┏━━

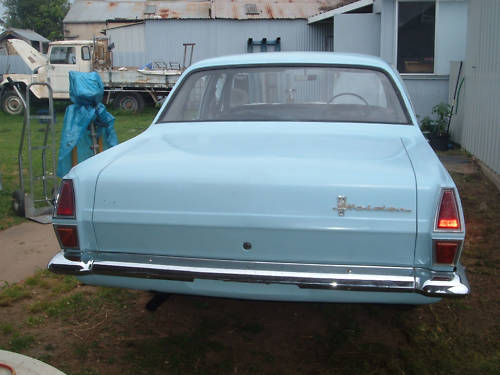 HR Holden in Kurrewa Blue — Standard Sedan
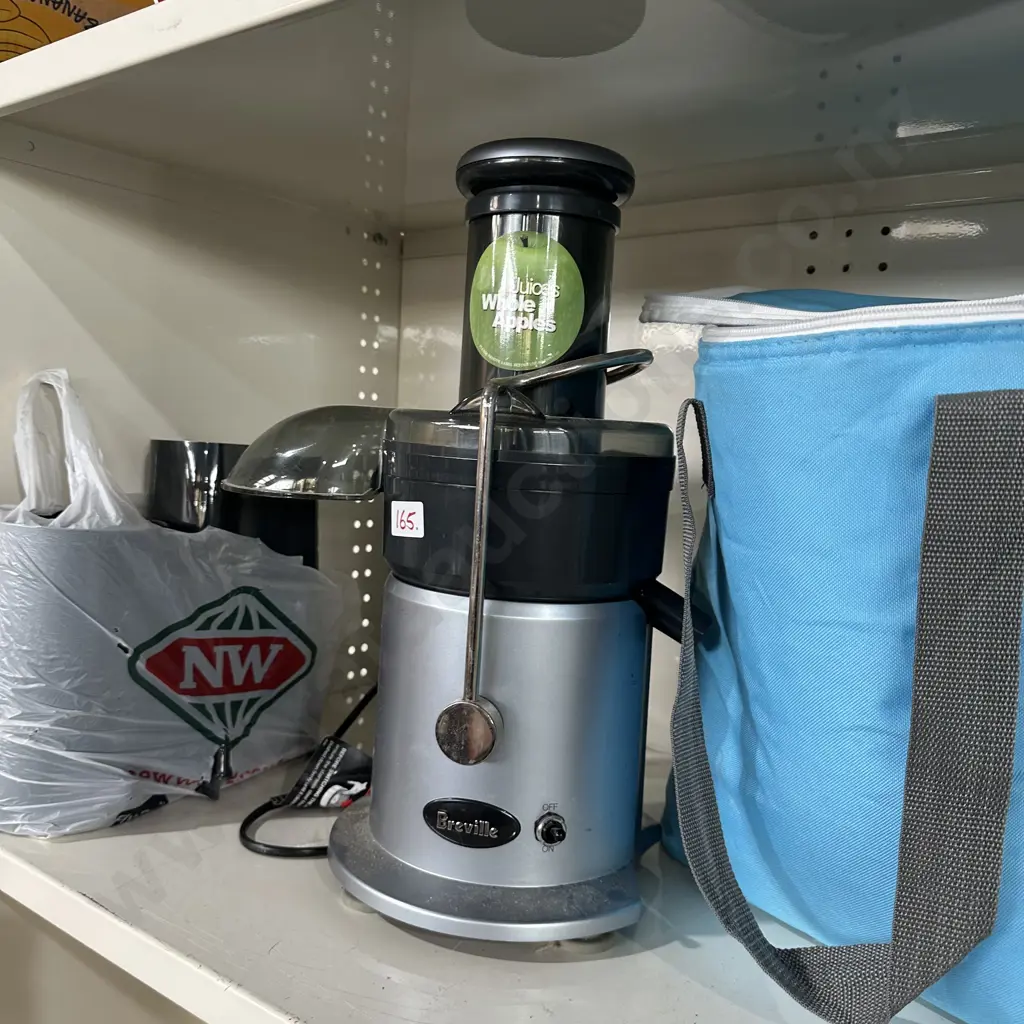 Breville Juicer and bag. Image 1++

┗━━
┏━━

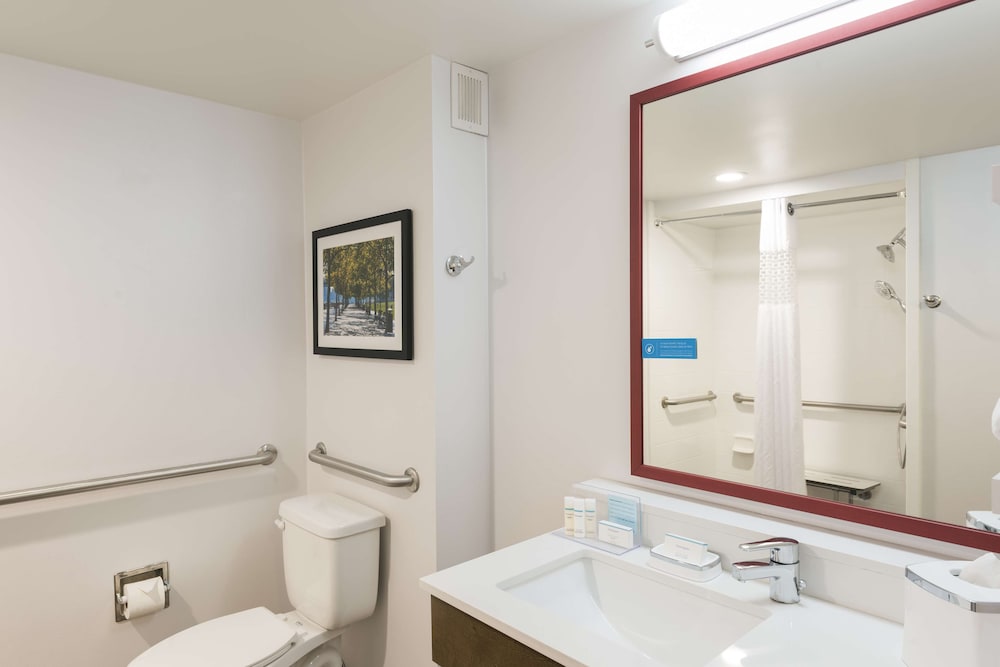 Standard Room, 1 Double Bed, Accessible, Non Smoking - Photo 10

┗━━
┏━━

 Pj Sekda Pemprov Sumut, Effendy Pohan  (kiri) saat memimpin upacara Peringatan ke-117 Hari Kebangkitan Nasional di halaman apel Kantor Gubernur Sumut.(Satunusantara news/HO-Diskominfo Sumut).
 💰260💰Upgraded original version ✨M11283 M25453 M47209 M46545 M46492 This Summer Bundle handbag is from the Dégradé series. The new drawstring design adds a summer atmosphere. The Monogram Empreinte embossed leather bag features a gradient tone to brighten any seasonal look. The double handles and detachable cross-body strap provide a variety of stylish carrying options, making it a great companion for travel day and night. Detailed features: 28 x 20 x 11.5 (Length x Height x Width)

┗━━

ASSIGNMENT
Working from the material above, retype exactly the lines from the one with "Pj Sekda Pemprov" through the one with "Height x Width)", both included, and only those lines.

FINAL ANSWER
 Pj Sekda Pemprov Sumut, Effendy Pohan  (kiri) saat memimpin upacara Peringatan ke-117 Hari Kebangkitan Nasional di halaman apel Kantor Gubernur Sumut.(Satunusantara news/HO-Diskominfo Sumut).
 💰260💰Upgraded original version ✨M11283 M25453 M47209 M46545 M46492 This Summer Bundle handbag is from the Dégradé series. The new drawstring design adds a summer atmosphere. The Monogram Empreinte embossed leather bag features a gradient tone to brighten any seasonal look. The double handles and detachable cross-body strap provide a variety of stylish carrying options, making it a great companion for travel day and night. Detailed features: 28 x 20 x 11.5 (Length x Height x Width)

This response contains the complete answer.